Apple dovrà risarcire circa 60 euro a consumatore e pagare una multa di 60 milioni di euro per la sostituzione della batteria di oltre 1 milione di smartphone, venduti tra il 2014 e il 2016.

Apple accusata di obsolescenza programmata

Inizia la class action contro il colosso americano che si svolgerà al Tribunale di Milano al fine di <difendere> “tutti i consumatori italiani ingannati dalle pratiche di obsolescenza programmata riconosciute anche dalle autorità italiane”. L’organizzazione tende a precisare, inoltre, che la pratica  interesserà “i proprietari di iPhone 6, 6 Plus, 6S e 6S Plus”: tutti prodotti che “corrispondono a oltre 1 milione di unità vendute in Italia fra il 2014 e il 2020”.

La battaglia legale iniziò nel lontano 2014, quando Altroconsumo raccolse “numerosi casi di consumatori, che riscontravano problemi a livello di performance dei propri smartphone, dopo aver acconsentito all’aggiornamento obbligatorio del software”.

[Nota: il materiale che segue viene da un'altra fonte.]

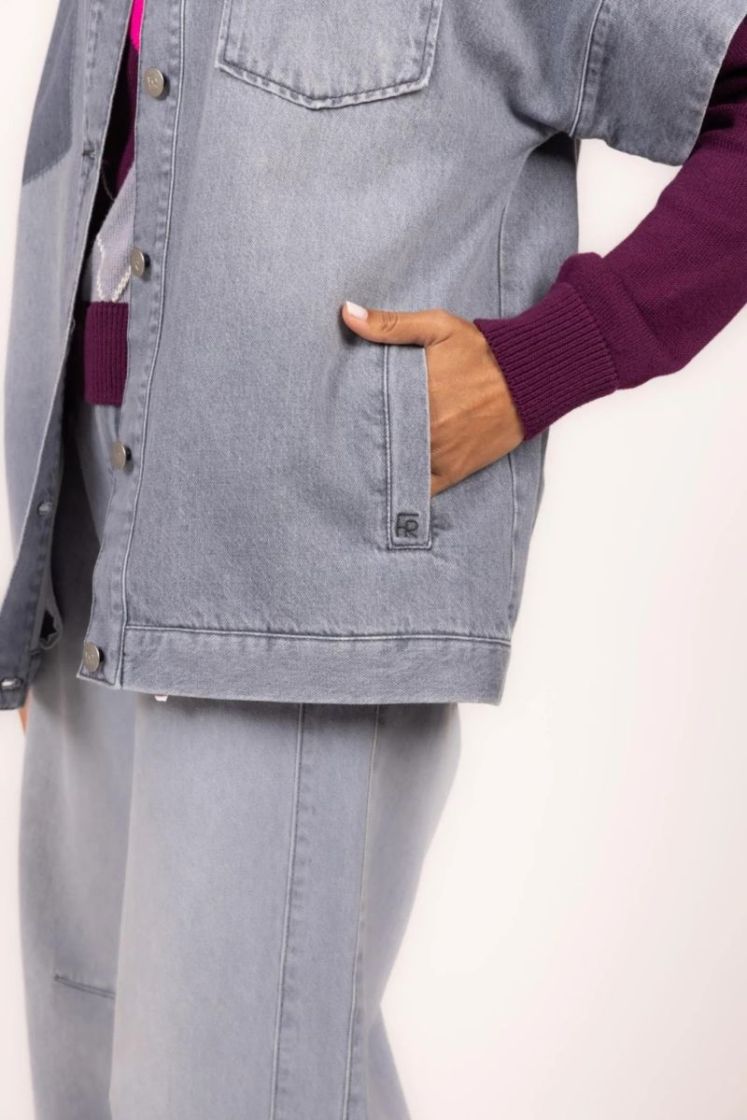  GREY JEANS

Nel 2018, successivamente, a seguito delle segnalazioni inviate all’Autorità Garante della Concorrenza e del Mercato, Apple  ricevette una sanzione di 10 milioni euro per pratiche commerciali scorrette e aggressive e nel maggio del 2020, il Tar del Lazio respinse il ricorso fatto da Apple, confermando che “la società di Cupertino ha rilasciato gli aggiornamenti del firmware iOS 10 e 10.1.2 per gli iPhone 6/6Plus/6s/6sPlus, senza offrire ai consumatori informazioni adeguate e complete in merito all’incisiva riduzione delle performance dei dispositivi”.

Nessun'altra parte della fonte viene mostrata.